How to consolidate credit card debt
If you’ve got a lot of credit card debt to pay off, consolidating it into one place with one monthly repayment can make your life a lot easier.
Credit card debt can quickly become expensive, and if you’ve got debt on several different credit cards, managing each one can get complicated. That’s why it can make good financial sense to move all of your debt over to the one place.
How does credit card debt consolidation work?
Credit card debt consolidation is the process of combining all of your credit card debts into one. One way to do this is by taking out a personal or consolidation loan and paying off your card providers with the money you’ve borrowed. You then repay your loan provider in monthly instalments.

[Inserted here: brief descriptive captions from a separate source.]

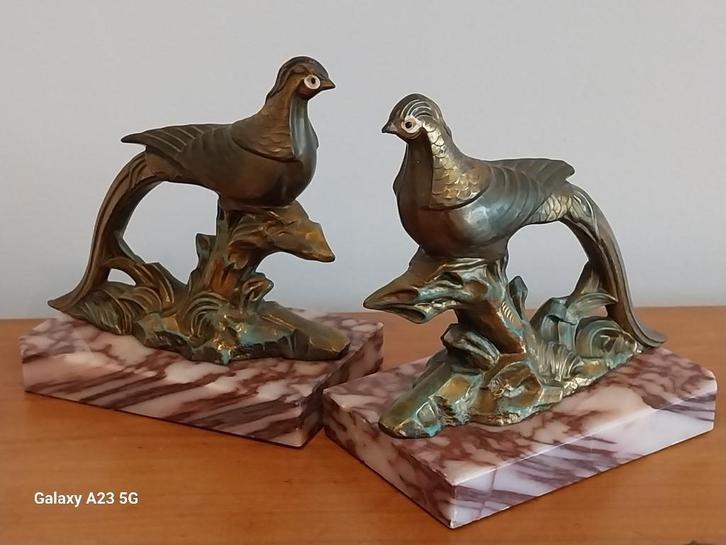 Art Deco boekensteunen fazanten op marmer, Antiek en Kunst, Antiek | Woonaccessoires, Ophalen of Verzenden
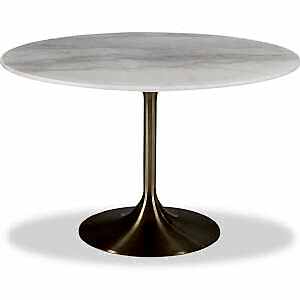 Telma Tulip Round Dining Table 100cm or 120cm White Marble & Brass/Black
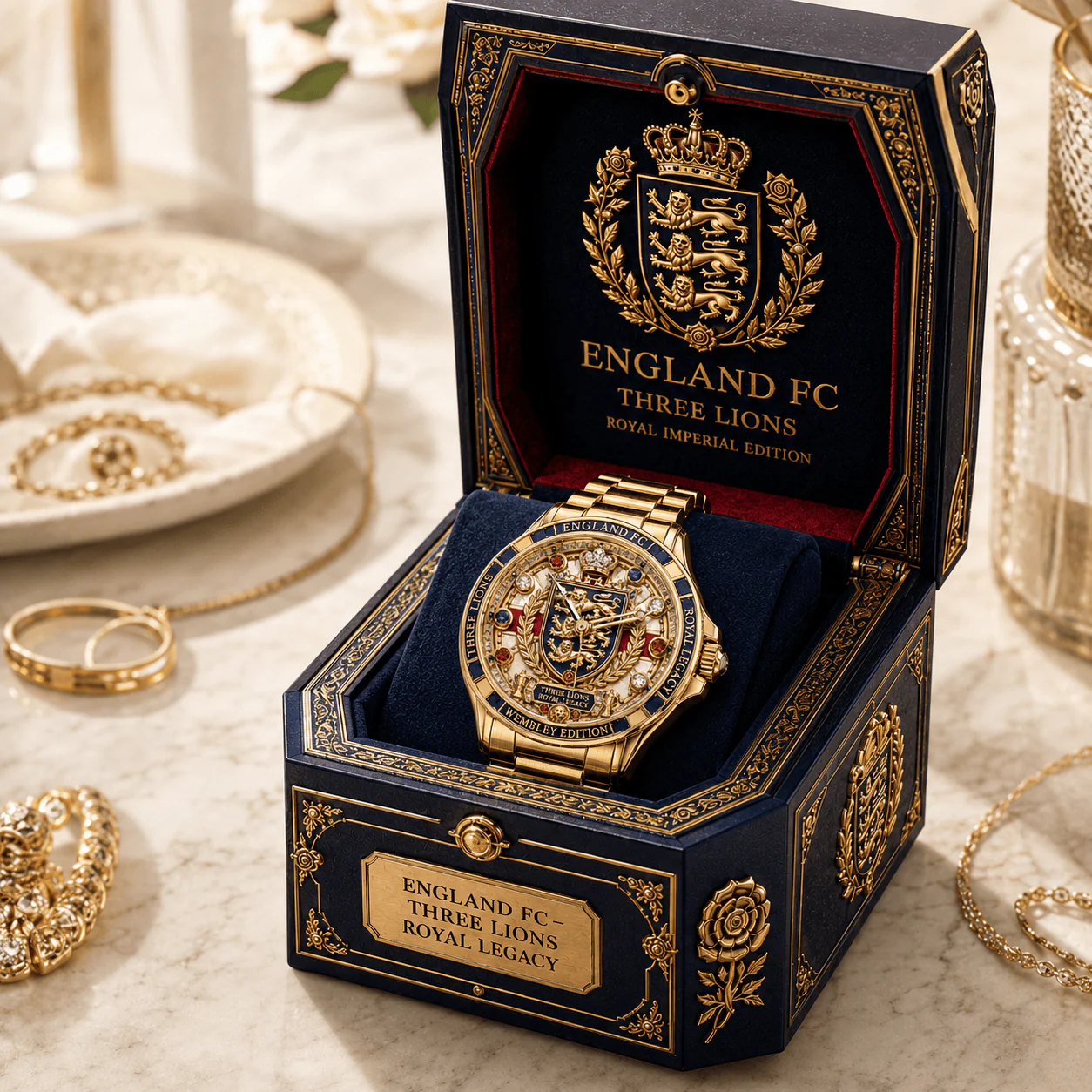 Personalized England FC Men's Wrist Watch - Gift for Sports Lovers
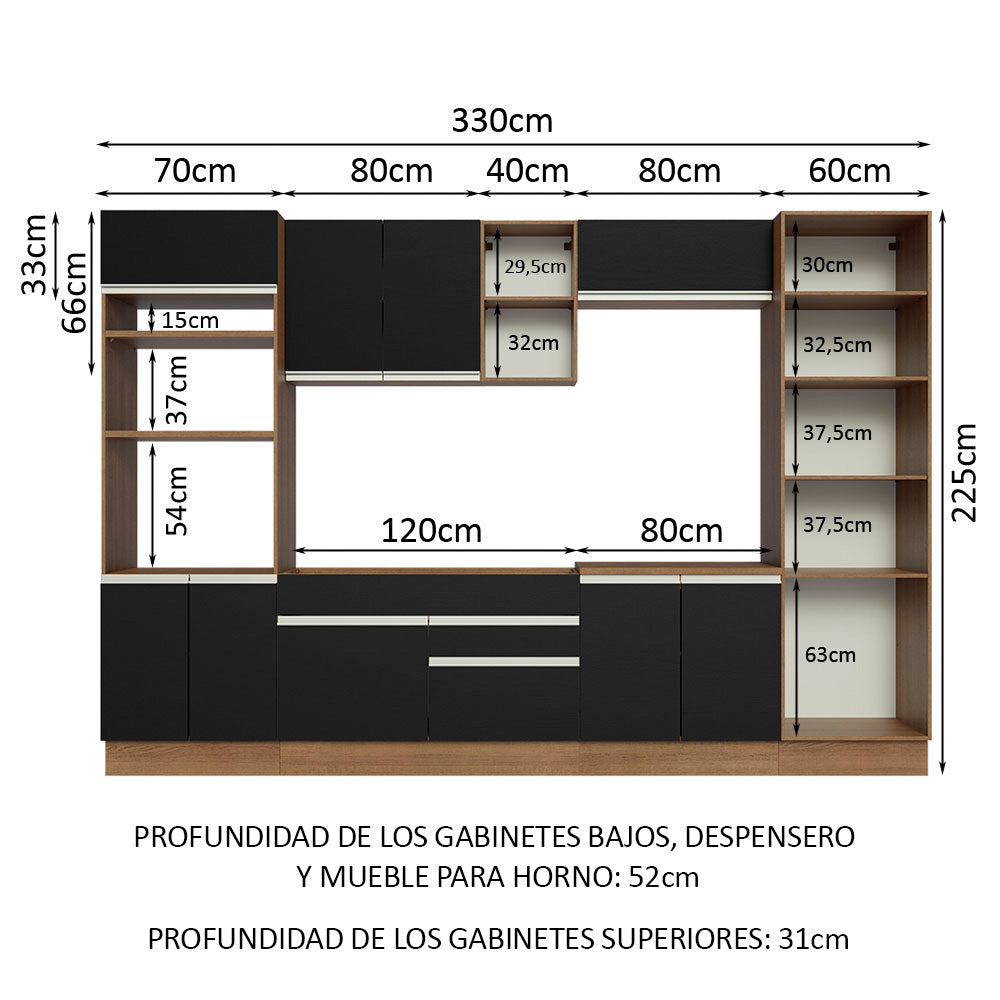 Combo completo de Cocina Madesa Glamy 330cm Marrón/Negro 03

Alternatively, you can consolidate card debt by using a balance transfer credit card to merge your debts onto the one card. If you choose the right credit card, a balance transfer can often be cheaper than a personal loan.
Why should you consolidate your debt?
Consolidating your credit card debt has many benefits. For a start, merging all your debts into one means you’ll only have one monthly repayment to make rather than several. This can make it much easier to keep track of what you owe and when.
Another benefit is that you may be able to take advantage of a lower interest rate which has the potential to save you hundreds of pounds. If the loan or credit card you choose has a lower interest rate than what you’ve been paying, you’ll be much better off and be able to clear your debt faster.
Using a balance transfer to consolidate debt
One of the most popular ways to consolidate credit card debt is to carry out a balance transfer. This is the process of moving debt from existing credit cards to a brand new one – ideally one that offers a lower interest rate.
Some balance transfer credit cards charge no interest at all for a number of months – up to three years in the best cases. This should give you plenty of breathing space to start tackling your debt head on without worrying about interest building up, and this should allow you to clear your debt more quickly.
Be aware that many balance transfer credit cards will charge a transfer fee of around 1% to 3%. But given how much interest you could save, this fee could be worth paying.
Also note that to fully benefit from a 0% balance transfer card, it is important that you clear your balance before the 0% deal ends and interest kicks in.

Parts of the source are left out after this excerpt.